Anaar

I love Iran and everything about it. Sometimes I think my veins flow with the aab-anaar from Iran.

I get so upset when people come back from Iran and talk bout how much they hate it there and never want to go back. I take these comments very personally. How can you not love Iran if you are from there? I will stick by my country through thick and thin and defend her with every bit of life I have in me.

I am 20 and I grew up most of my life in America. Up until a few years ago I generally accepted my dad's point of view that America is the best and Iran is no place to be. My dad, may God forgive his sins,he is a great man, but him and his generation were mostly blind supporters of a revolution that had no planned outcome.

After they caused hell in 1979, they fled, never believing their children would want to go back. But actually, most families fled for the sake of their sons; they did not want their child ending up fighting in the war with Iraq. Did my parents make a good decision? Yes and no. But who'd ever guess their children's generation would want to go back?

I started having the desire to visit and even move back to Iran about two years ago. Through some desperate act I finally convinced my parents to go to Iran for a one-month visit. I realize why a lot of people dislike living in Iran, but for all the bad in Iran I think there is a thousand times more good — if only everyone could see what I see.

I love everything about that country and more than anything I love Iranians. And I cannot say enough. I have heard so many discouraging remarks, and everyone has tried to convince me that moving to Iran is a horrible idea and that I could never survive (these people have no idea what I am capable of).

But a lot of these negative responses started to convert into concurring opinions and desires to better Iran, especially among those in my age group. Yes, we want to move back, and some of us feel very strongly about it. Can someone tell me where this pride came from? Barely speaking Farsi and having lived in America for so long, some even born here, yet we still feel more at home in Iran.

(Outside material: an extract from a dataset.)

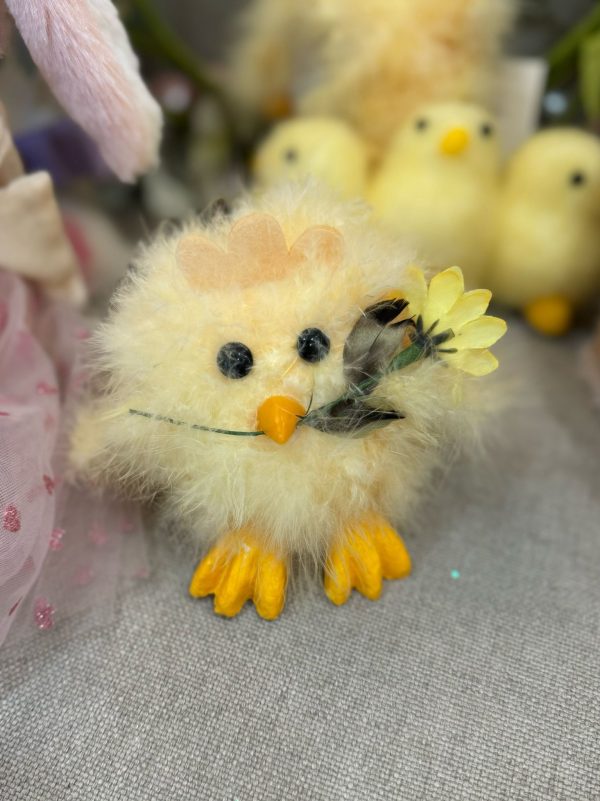 Baby Chick with Yellow Flower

When I went with my parents for the one-month visit I saw so many relatives; some I do not remember ever meeting. Slowly, I started to notice that my parents where changing and losing the Americanized attitude they had gained over the years, even becoming more strict, and even more so, they were remembering the “good old days”.

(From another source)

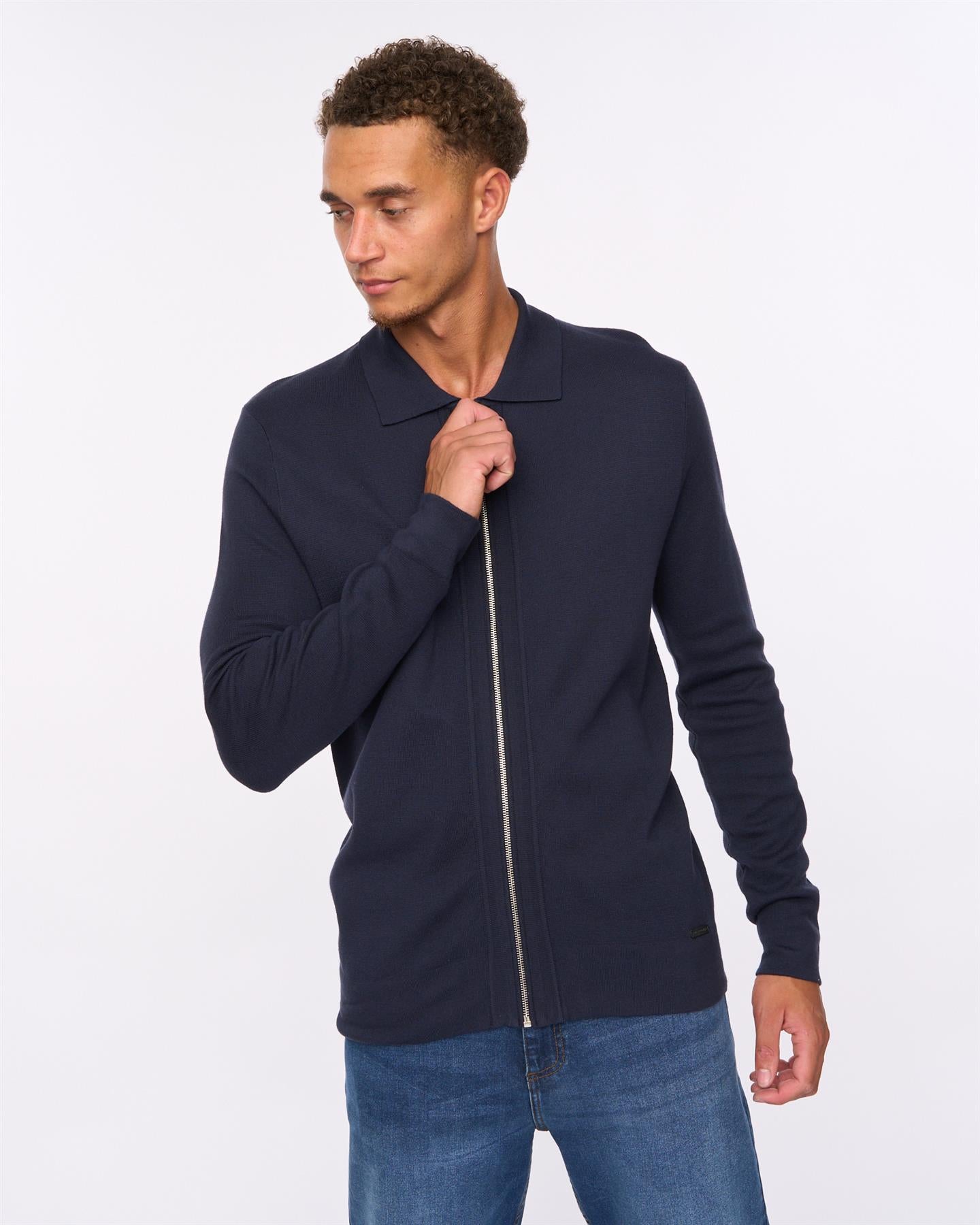 Mens Melfi Zip Thru Knit Navy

Also, I had never seen my grandmother so independent in all the times she visited us in America. I had seen my mother's Aunt and her husband a hundred times in America, but I had never seen them in their own home. It is truly different to see someone at their home and to see how they have decorated their lives.

When I started to think of all this I cried and one year later I still cry every time I think about it…. what if we had never left Iran. What if the day before my dad's visa expired he had not decided to take us to Paris? What if I had gone to school in Iran? What if all my relatives that have spread across the world and those that have gathered here in the US had stayed close together in Tehran, and every weekend or so we could see each other for another mehmoni?

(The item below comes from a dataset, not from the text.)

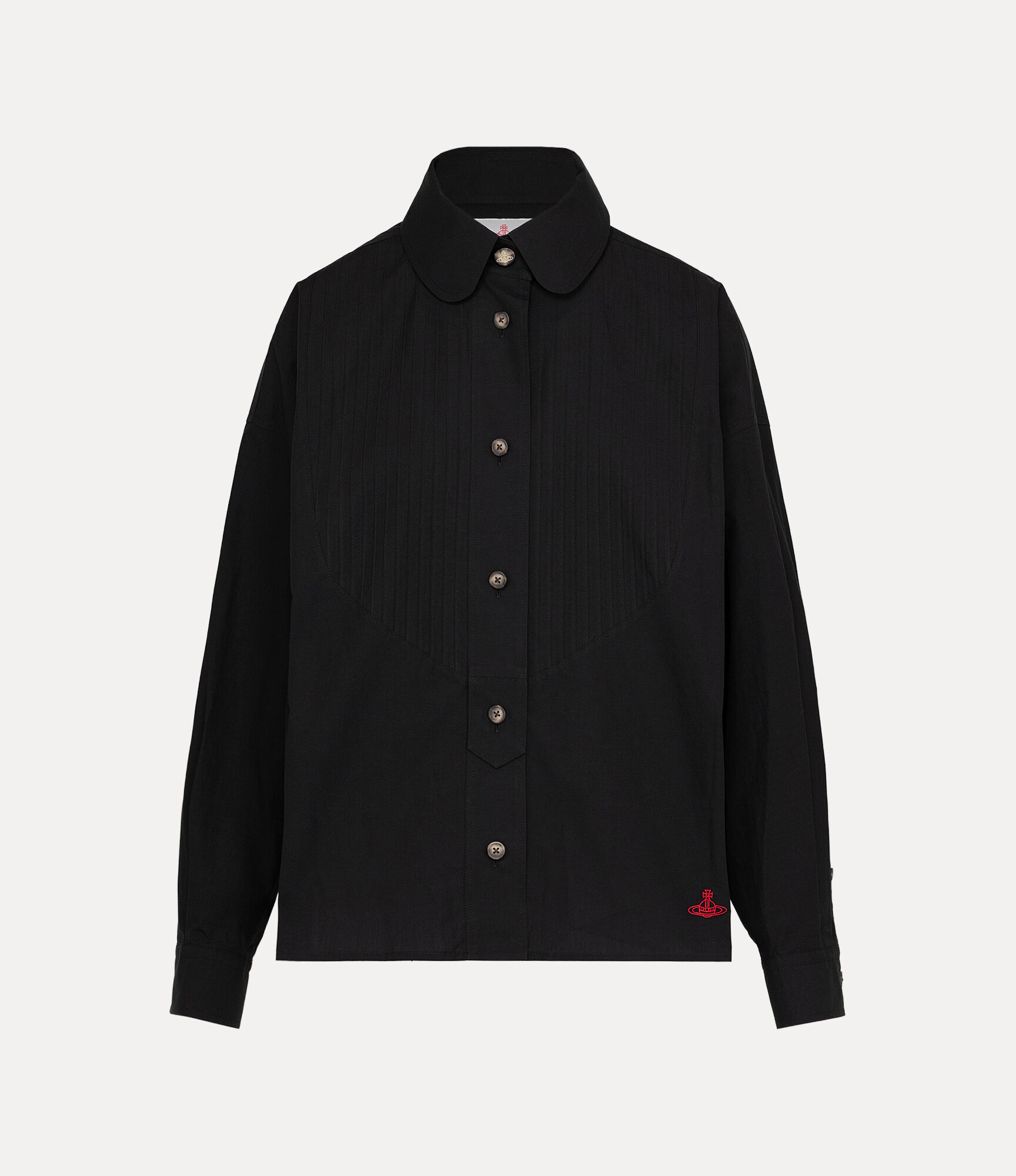 Organic Cotton Typewriter Pintuck Relaxed Shirt  large image number 1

What if I could still walk over to my cousins' house and knock on their door ready for another dip in their pool (just as I, barely, remember we did)? What if … And I cry thinking about it, and I cry thinking about this life I have lived away from where I should be, and I cry about why I only feel at home in Iran. And I cry out of frustration that is my sadness.

So, now I am on this, seemingly never ending search to find Iran in me. Since my search began, I have improved my Farsi 75%. I started taking Farsi reading and writing lessons and trying to learn the “big words” and proper grammar. I speak Farsi with no American accent. I have also taken Iran history classes, visiting the exhibitions at museums, and buying every book that has anything to do with Iran.

I have even found it in me to follow my grandmother's advice and become more religious. And it is so eye opening to finally understand the Iranian culture and the language. To finally understand where I come from and who I am is so rewarding. I have been trying so hard to be Iranian that my English has deteriorated. Sometimes when I speak English I even have an Iranian accent.

I have become so pro-Iran and obsessed that most people who have just met me assume I just recently came from Iran. For some reason that is a great feeling to finally feel like I am viewed as the one who is knowledgeable about Iran and to not be stereotyped as the ignorant Iranian-American that goes clubbing five days a week.

I wonder every day, not if, but when will I reach my reality, and I dare not call it a dream. When will I finally convince my parents that this is not a foolish fantasy and not a way to disrespect their decision of 15 years ago. When will I finally be at home and no longer the foreign visitor. When will I get home… I have been wondering around for 15 years trying to find my way back.

But, with my fairly recently renewed belief in my religion, I believe God is Great and with His blessings those of us, young and willing to work for Iran, and who feel so strongly about our homeland, will be able to go back and create a positive atmosphere for everyone else to come back as well.

I guess for now I will finish my anaar, this fruit that has been the most common thing in my life and tastes like the sweetness of Iran. I never did learn the English name for it.